Commissioners pressed for operational and policy responses. Several asked whether probation can reevaluate placement recommendations to move youth more quickly; DCYC Superintendent Rhondie Woodard said court orders and probation authority drive placement decisions but added the facility is developing a staff role and improved communication with probation to support case reevaluations. Commissioner Borgeson asked who is responsible for daily follow up on placements; Carbaugh said probation officers manage placement work, while DCYC staff are building programs to better share information with probation.

Community providers urged better use of new local services and stronger engagement from probation. Tamika Meese of the North Omaha Community Partnership described a case of a 17‑year‑old who returned from a youth treatment center to no stable housing or utilities and said her group receives few probation referrals despite being able to provide wraparound supports.

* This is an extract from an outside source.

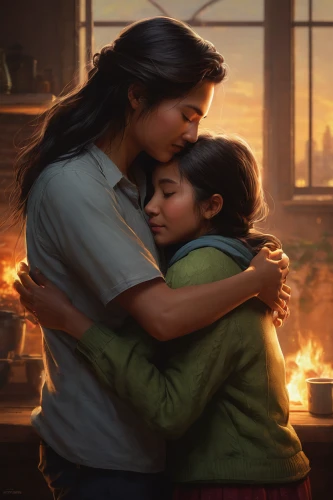 little girl and mother,warmth,mother and daughter,cg artwork,croft,capricorn mother and child,mom and daughter,romantic portrait,sci fiction illustration,digital painting,warm heart,rosa ' amber cover,the hands embrace,two girls,embrace,holding,jesus in the arms of mary,bunches of rowan,katniss,hug,Conceptual Art,Fantasy,Fantasy 16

Roscoe Wallace of Viable Healing described work inside DCYC that has reduced violence and increased community visiting; Terry Crawford (defense counsel and NAACP vice president) stressed upstream services for non‑English speakers and faster competency evaluations.

The board discussed policy ideas including creating threshold triggers (for example, a report when a youth has waited 15–20 days for placement) and tracking indicators that could prompt reevaluation. No formal changes to detention policy or binding directives to probation were adopted at the meeting; the board invited further follow‑up and staff said they would continue developing communication protocols with probation and community partners.

Board members and presenters agreed the core problems are placement capacity and interagency coordination rather than DCYC’s day‑to‑day operations. The review concluded with the board thanking staff and community partners and moving on to other agenda items.